En noviembre de 2011 la Audiencia Nacional condenó a 105 años de cárcel a Francisco Javier García Gaztelu, alias Txapote, por el atentado contra Fernando Buesa y Jorge Díez. Fue la primera sentencia contra miembros de ETA después de que la banda anunciara el cese definitivo de la violencia el 20 de octubre de ese mismo año. La sentencia da como probado que Txapote“mantuvo varias reuniones en el sur de Francia durante 1998 y 1999 con los miembros del comando Ituren, integrado por los condenados en estas acusaciones, Asier Carrera, Luis Mariñelarena y Diego Ugarte. Tras fijarles como ámbito de actuación la provincia de Álava, y encargarles el alquiler de un piso como base de operaciones, les asignó la misión de obtener información detallada acerca de la vida y costumbres, entre otros, del abogado y portavoz del Grupo Socialista del Parlamento vasco, Fernando Buesa, a quien la dirección de ETA había decidido ejecutar”. Asimismo, la sentencia considera probado que, una vez finalizada la tregua de 1998 de la banda criminal, García Gaztelu mandó intensificar los seguimientos y vigilancias a Buesa y facilitó a los autores materiales la furgoneta, los explosivos y las armas que debían utilizar para cometer el atentado.

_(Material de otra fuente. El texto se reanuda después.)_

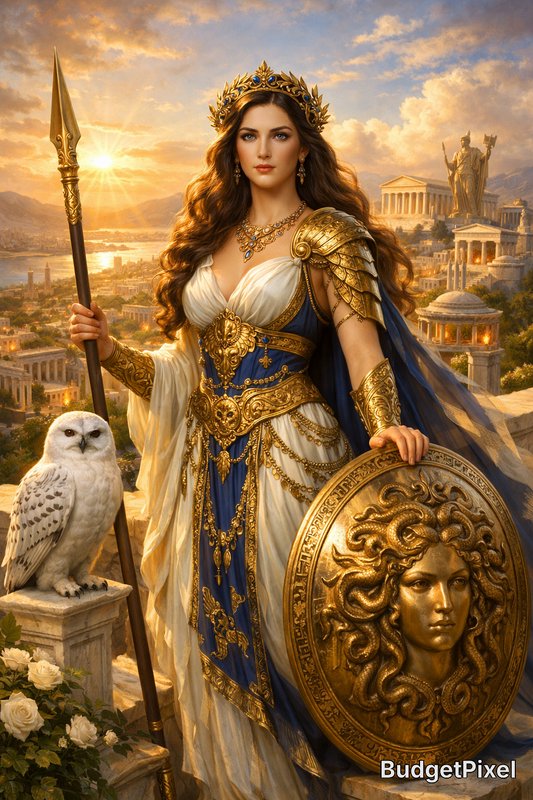 Regal queen warrior in blue-gold armor with spear and shield, standing beside an owl against an a...
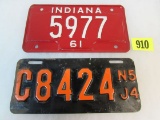 1954 New Jersey & 1961 Indiana Motorcycle License Plates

Fernando se distinguió por su condena a la violencia terrorista durante toda su carrera política. Defendió sus ideas y sus convicciones con vehemencia, y por eso lo mataron. Sabía que la banda terrorista lo había puesto en la diana y vivía amenazado desde hacía tiempo. Fue coherente con sus ideas hasta el final y, el sábado anterior a su asesinato, había acudido a la manifestación del movimiento ¡Basta Ya! en San Sebastián para pedir la disolución de ETA y protestar por la falta de libertades en el País Vasco. Arnaldo Otegi, en esos momentos compañero de Buesa en el Parlamento de Vitoria, se había referido a los que participaron en la manifestación de San Sebastián como “la gusanada”.
En su última intervención parlamentaria, el 18 de febrero de 2000, dijo entre otras cosas:
Estamos hartos de que ustedes se dediquen a darle vueltas al diccionario y a retorcer el sentido de las palabras para ver si encuentran una expresión feliz que sea asumible por Euskal Herritarrok a la hora de plantear sus resoluciones parlamentarias. ¡Dejen de mirar tanto y con tantos paños calientes a su suspendido socio parlamentario, y vuelquen su atención en las ciudadanas y ciudadanos de este país que sufren los ataques y carecen de seguridad y libertad! Ellos son los que tienen derecho a exigirles que paren, con todos los medios legítimos de que dispone el Gobierno, esos ataques, y ustedes son los que forman el Gobierno democrático de este país.
En ese momento el Gobierno de Juan José Ibarretxe se sustentaba en un pacto de legislaturafirmado en mayo de 1999 por el PNV, Eusko Alkartasuna y Euskal Herritarrok, firmado por Arnarlo Otegui y avalado por uno de los dirigentes de ETA, Urrutikoetxea Bengoetxea, que tenía acta de parlamentario.
Su viuda, Natividad Rodríguez, hablaría en 2007 en el documental Corazones de hielo de Jorge Martínez Reverte, de la responsabilidad de los nacionalistas:
Tienen que preguntarse por qué no ha ido la violencia contra ellos, por qué se ha permitido que los violentos crecieran en la impunidad. ¿Se les ha ayudado? Yo puedo afirmar categóricamente que hubo complicidad del mundo nacionalista con los violentos.